Debut CD American Sonatas

I will be recording my debut CD “American Sonata” through MSR Classics in this upcoming season. I have chosen four original sonatas written for the saxophone: Paul Creston Sonata, Bernhard Heiden Sonata, Steve Cohen Sonata, and John Worley Sonata. I am excited to collaborate with pianist Esther Lim and we will begin recording sessions at the end of the summer 2019.

Rapsodie pour orchestra et saxophone

Claude Debussy (1862-1928) Adaptation by Wonki Lee

Mr. Lee’s version, as he states, incorporates the music from the complete orchestration more thoroughly, including transferring orchestral wind parts into the solo saxophone part itself. It represents a fascinating undertaking, certainly worthy of further hearings.
— New York Concert Review

My adaptation of Rapsodie aims to emulate its colorful orchestration in a form suitable for a recital setting. To achieve this effect, the full string sections played by the piano are enhanced to create much richer textures as well as reflecting solos that are passed though the orchestra. The saxophone part now contains lines from other wind instruments such as flute, clarinet, oboe, English horn, and trumpet. A greater range of the saxophone is utilized for enhanced melodic direction and dynamic effect.  As the saxophone has the richest spectrum of overtones of all the orchestral instruments, it is capable of flexibly transforming its tonal color to imply other instruments. The result is a saxophone and piano adaptation with a wide palette of tonal color and a truer sense of orchestral sonority.

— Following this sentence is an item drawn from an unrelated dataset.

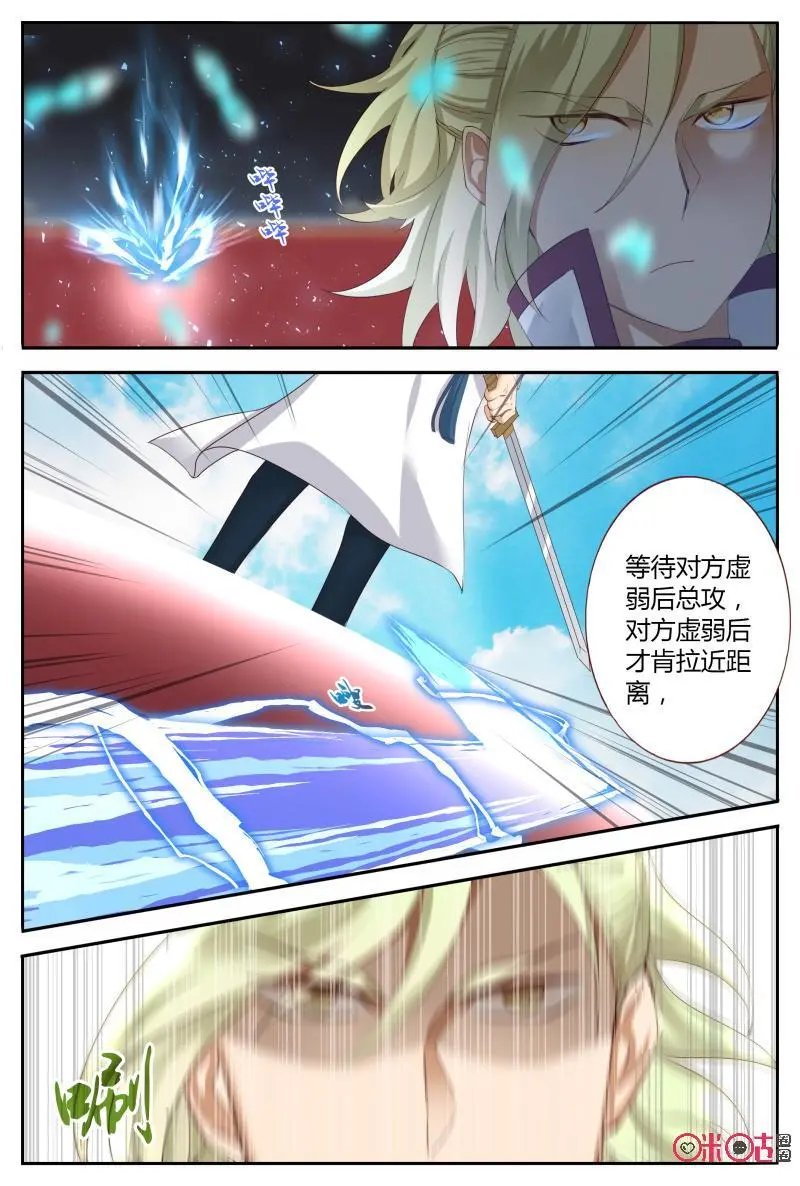 第54话：到我了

In the summer of 1901, Debussy accepted a commission from Elise Hall who was president of the Boston Orchestral Club and an amateur saxophone enthusiast. By the summer of 1903, Debussy completed the orchestral sketch in a “short score” consisting of four staves that includes detailed indications of instrumentation, dynamics, expressions and tempi in red, blue, and black ink. Jean Roger-Ducasse undertook the task of completing the orchestration from the specific indications in the short score after Debussy's death.  In fact, what Roger-Ducasse actually did to complete Rapsodie was to “realize” the short score into an orchestral score, a practice common to Debussy.  (André Caplet orchestrated part of Debussy’s Le Martyre de saint Sébastien, and Children’s Corner. Roger-Ducasse orchestrated the unfinished orchestral manuscript of one of the Proses lyriques, “De grève,” and Musique pour “Le roi Lear.”

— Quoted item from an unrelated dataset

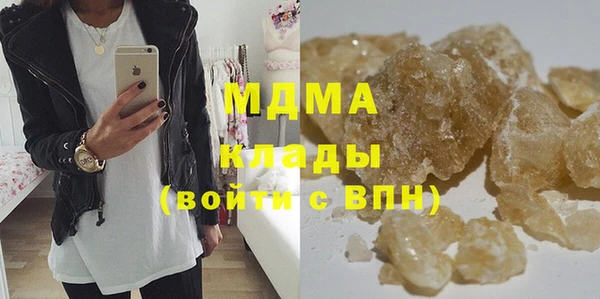 марки nbome Майский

As soon as Debussy finished working on Rapsodiein the summer of 1903, he began work on the epic symphonic work La mer. The use of melodic materials and compositional techniques in La mer closely resemble those in the Rapsodie, which makes the work even more intriguing.  It is possible that following the success of La mer, Debussy might have been concerned about a potential critical failure in Rapsodie by presenting such an unusual work written for an unusual instrument. Therefore, he might have been reluctant to have Rapsodie performed during his lifetime. Rapsodie was premiered in its completed form on May 11, 1919, conducted by André Caplet and featuring saxophonist Yves Mayeur as soloist.